高温でより強い酸化剤に晒すと、これ以上の被覆率となる。
This included a surface oxide consisting of one-dimensional (1D) oxidic rows, which were
forming honeycomb-like superstructures. Using these harsh conditions, even PtO2 could be created. 厳しい酸化条件にすればPtO2でさえも生じる可能性がある。
There is no guarantee that the structure of a catalyst observed in UHV is the same as the structure present under reaction conditions. UHVではなく現実の反応(動作)条件での構造を調べる必要がある。
This structure can only be elucidated when it is probed in situ, i.e., under high-pressure and elevated-temperature conditions. この構造は高温高圧でその場観察しないと明らかにはならない。

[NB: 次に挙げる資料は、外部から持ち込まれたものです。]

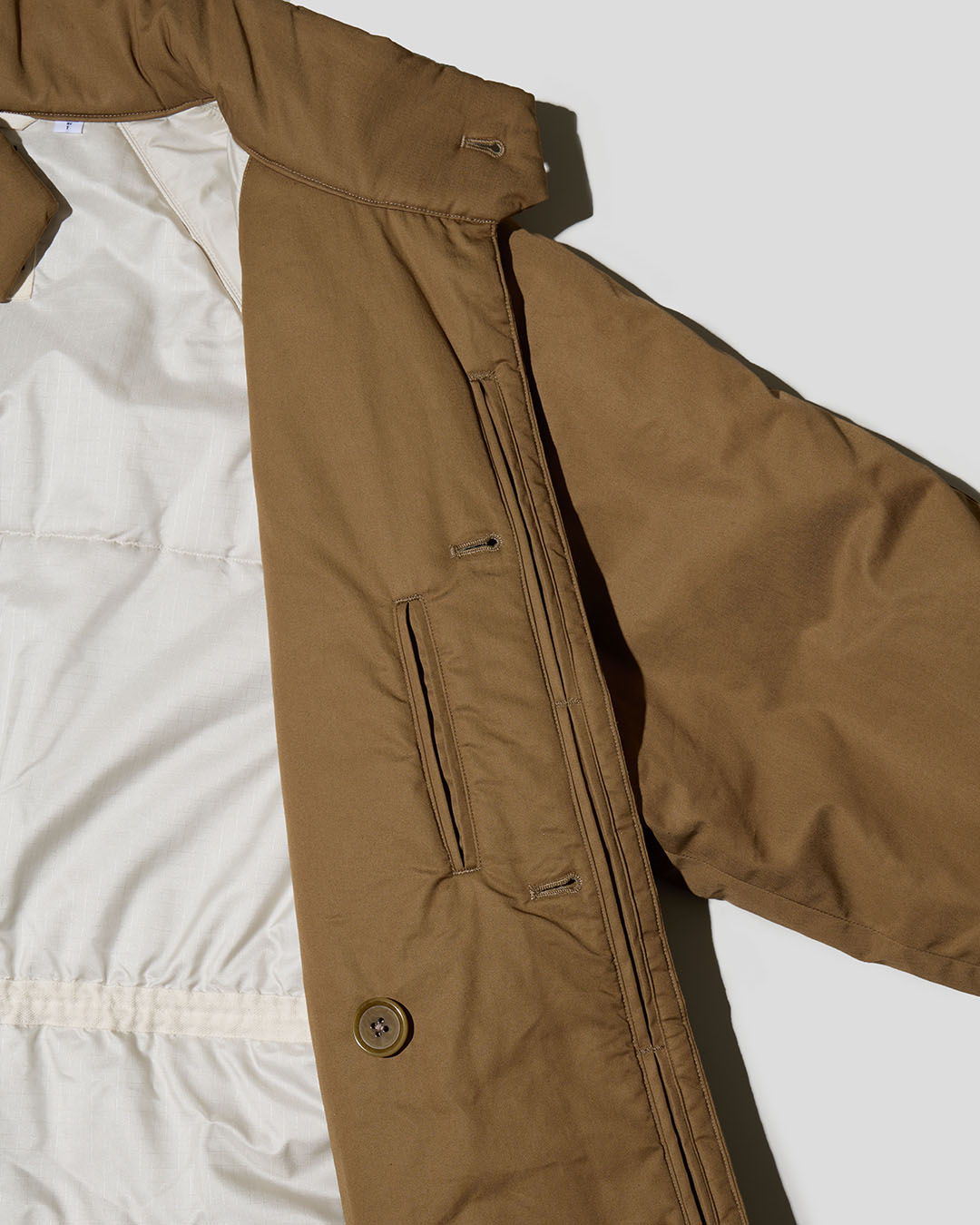 nanamica ONLINE STORE│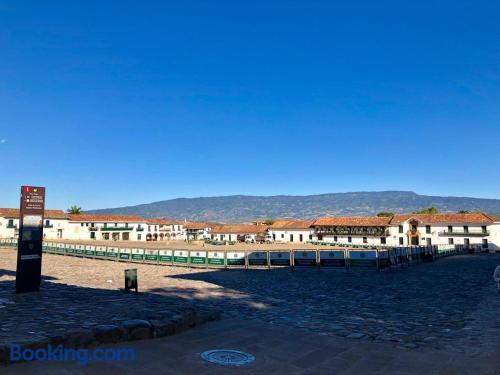 Casas del Viento — 4-Star Luxury Hotel in Villa De Leyva, Colombia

Two independent in situ surface X-ray diffraction (SXRD) studies showed the formation of bulk-like α-PtO2. These observations were contradicted by a near-ambient-pressure
(NAP) X-ray photoelectron spectroscopy (XPS) study, which showed the formation of a surface oxide at similar temperatures as in the SXRD experiments, but at lower pressures. This surface oxide was found to be an intermediate in the bulk oxidation of Pt, which only started at much higher temperatures. In a recent NAP XPS study, it was found that prolonged exposure to oxidizing conditions was needed to form Pt oxide.
SXRDとNAP XPSとではPtO2が観察される条件は若干異なるようである。先に進もう。
The most important questions remain unanswered. What is the structure formed under catalytically relevant conditions? If it is an oxide, is this a surface or bulk oxide?
PtO2が形成されたときどのような構造になるのか。
In this work, the oxidation of Pt(111) is probed with O2 pressures of 1–5 bar and at 300–538 K using in situ scanning tunneling microscopy (STM). Interestingly, the formation of
α-PtO2 is not observed, instead two stable surface oxides form. The first has a structure in which equilateral triangles are arranged into spoked wheels. The lattice constant within the spokes is close to that of α-PtO2. The second structure consist of a pattern of rows which are lifted from the surface and consisted of nearly half the amount of Pt atoms in the top layer. These surface oxide are not stable without the high O2 pressure indicating
that the O atoms in these structures are very reactive, making them relevant for catalysis.
PEFCの動作条件よりかなり厳しい条件でもα-PtO2は生じないということで先に進む。
この論文は、排ガス用の酸化触媒なので、高温条件でのPtの酸化について調べているが、PEFCは前提条件が異なるのでここまでとする。常温、UHV、1 barでは、酸素ガスはPt(111)表面で原子(解離)吸着し、被覆率が0.25で飽和するというのは参考情報だとしても興味深いし、上記のXPSスペクトルも参考になる。